The CHART OF THE DAY shows the 120-day correlation between the S&P/ASX 200 Index and Hang Seng China Enterprises Index reached 0.3 last month, the lowest since December 2004, compared with an average of 0.6 over the period. A reading of 1 would indicate the two assets are in lockstep, while zero would represent no relationship.
Investors are speculating Australia’s economy will withstand a slowdown in China, its biggest trading partner, as record-low interest rates boost consumer spending, hiring and house-building amid a drop in mining investment. The price of iron ore, Australia’s largest export, fell 13 percent last quarter as Chinese demand for the steelmaking ingredient waned.

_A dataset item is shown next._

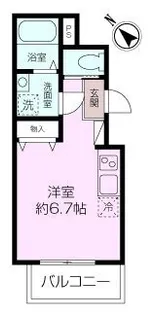 横浜マリオン【3階】の間取り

“We are starting to transition away from Australia’s reliance on China,” said Shane Oliver, who helps oversee about $130 billion as Sydney-based head of investment strategy at AMP Capital Investors Ltd. “The Reserve Bank of Australia has taken the brakes off and that’s ultimately led to confidence in a rebalancing of the economy away from mining. We’ve disconnected from the Chinese share market.”
The Australian benchmark gauge has advanced 8.4 percent in the past 12 months and hit the highest level in almost five years in March, while the Chinese measure slumped 7.3 percent. The weighting of materials producers on the S&P/ASX 200 has fallen to 18 percent from 30 percent in June 2008, while financial companies have grown to 45 percent from 33 percent.
Building approvals surged 23 percent in February from a year earlier and employers increased full-time payrolls by the most in more than two decades, according to the statistics bureau. Retail sales posted the biggest jump in almost a year in January. RBA Governor Glenn Stevens left the key interest rate unchanged this week at 2.5 percent and reiterated that borrowing costs were likely to remain steady for a period.